# YOUR INSTRUCTIONS
Write the records out again exactly, leaving no images in.

═════ SOURCE DATA ═════

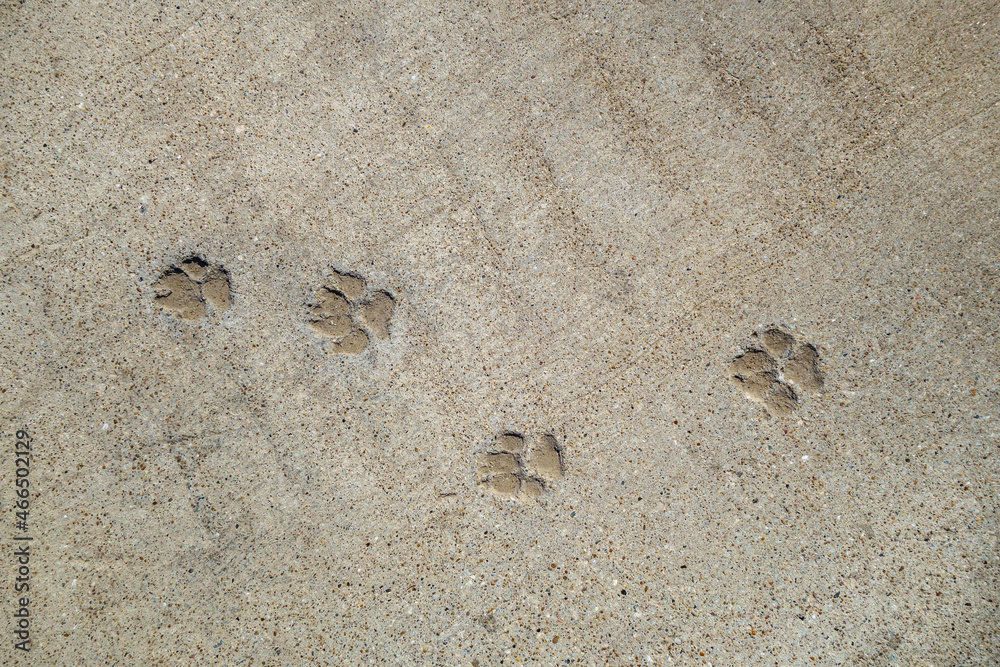 Dog footprints left on cured concrete pavement Dog footprints left on cured concrete pavement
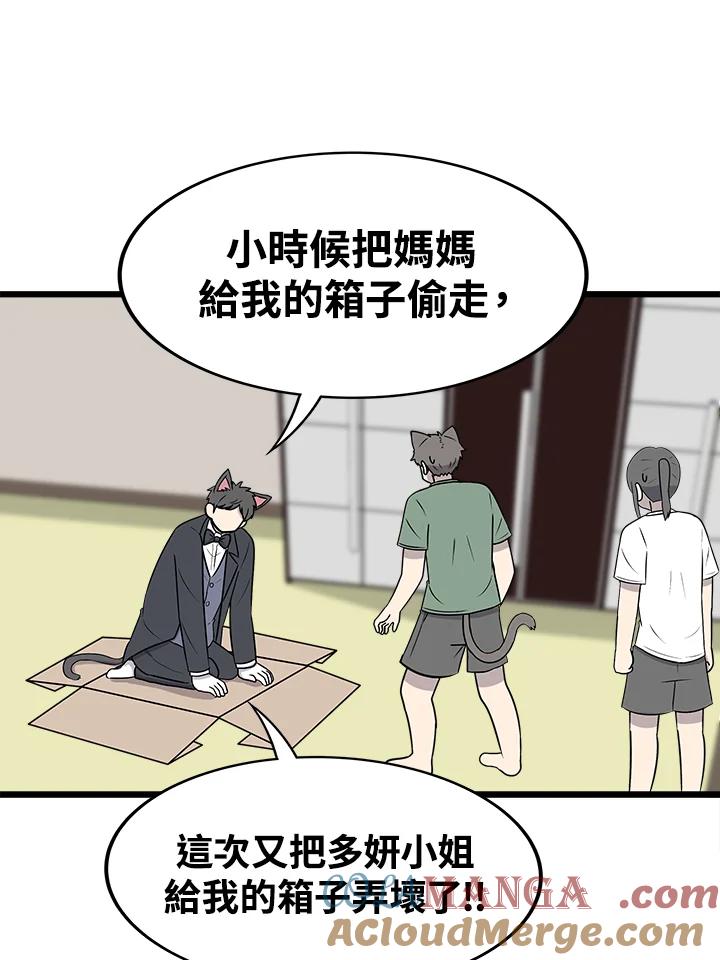 《喵星人管家》第45话 箱子(2) 第37页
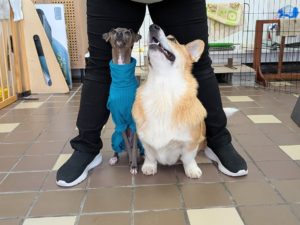 山梨県甲府市の犬の保育園もふ＆ふる　犬のしつけ　ドッグトレーニング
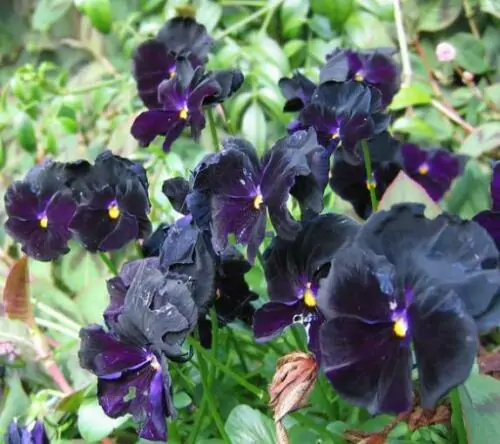 Viola x Wittrockiana ‘Clear Crystals Black’ - Perfect Love Black Crystals, Black Perfect Love - Image 4
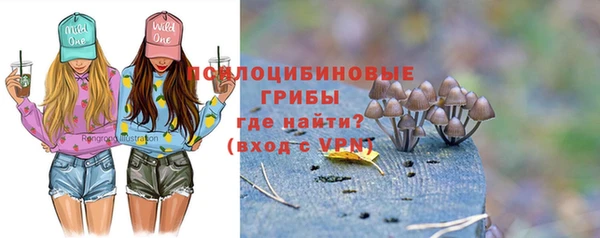 спиды Богородицк
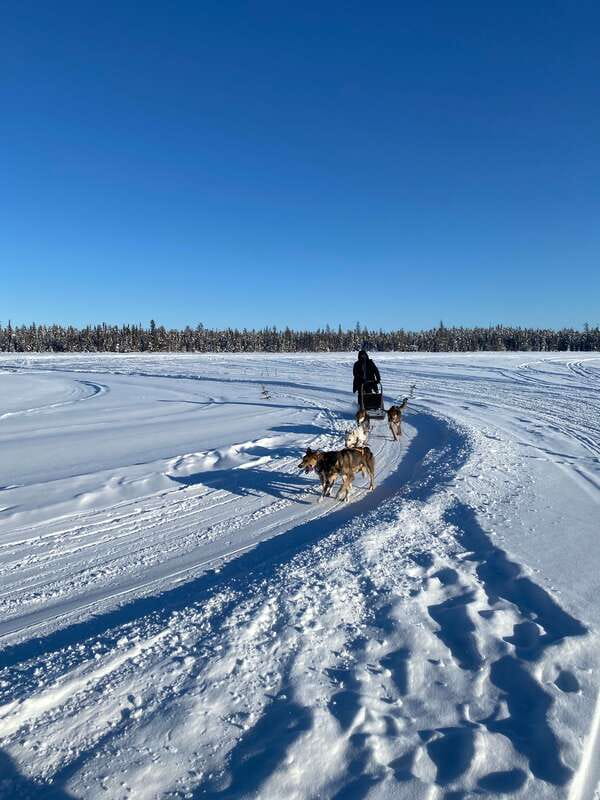 Yellowknife: Dog Sledding Tour - Leaving Yellowknife for the snowy backcountry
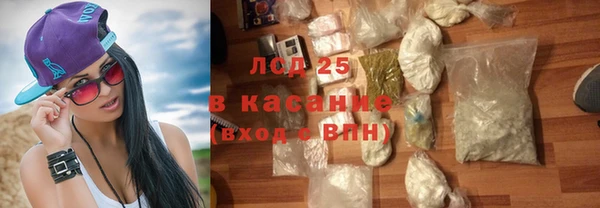 PSILOCYBIN Баксан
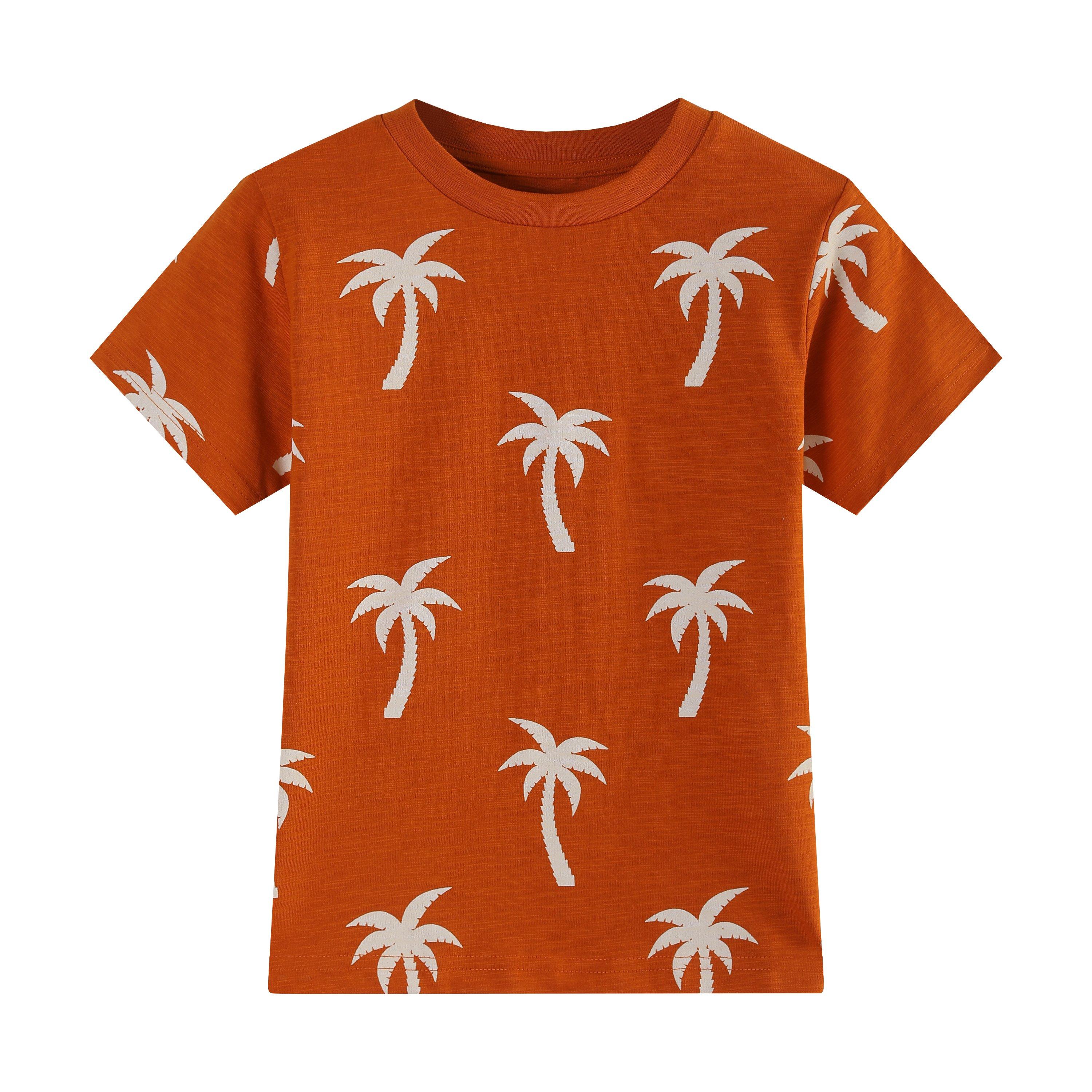 CREAM/RUST - Studio - Younger Boys 2 pack Printed Tshirt - 6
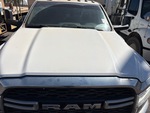 General Appearance with Paint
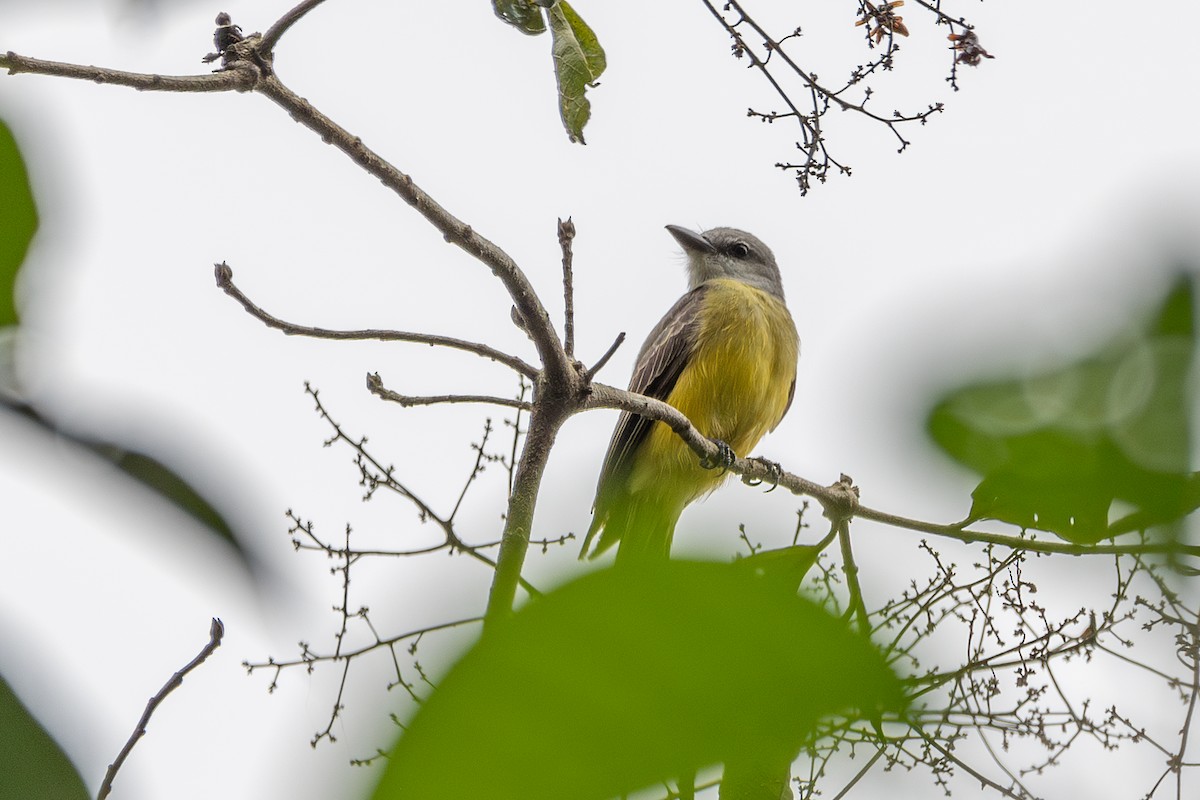 Tropical Kingbird - Nestor Monsalve (@birds.nestor)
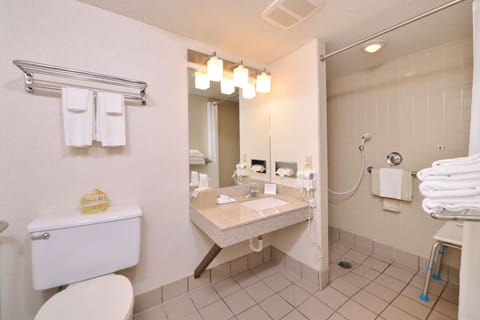 Combined shower/tub, free toiletries, hair dryer, towels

═════

# YOUR RESPONSE
 Dog footprints left on cured concrete pavement Dog footprints left on cured concrete pavement
 《喵星人管家》第45话 箱子(2) 第37页
 山梨県甲府市の犬の保育園もふ＆ふる　犬のしつけ　ドッグトレーニング
 Viola x Wittrockiana ‘Clear Crystals Black’ - Perfect Love Black Crystals, Black Perfect Love - Image 4
 спиды Богородицк
 Yellowknife: Dog Sledding Tour - Leaving Yellowknife for the snowy backcountry
 PSILOCYBIN Баксан
 CREAM/RUST - Studio - Younger Boys 2 pack Printed Tshirt - 6
 General Appearance with Paint
 Tropical Kingbird - Nestor Monsalve (@birds.nestor)
 Combined shower/tub, free toiletries, hair dryer, towels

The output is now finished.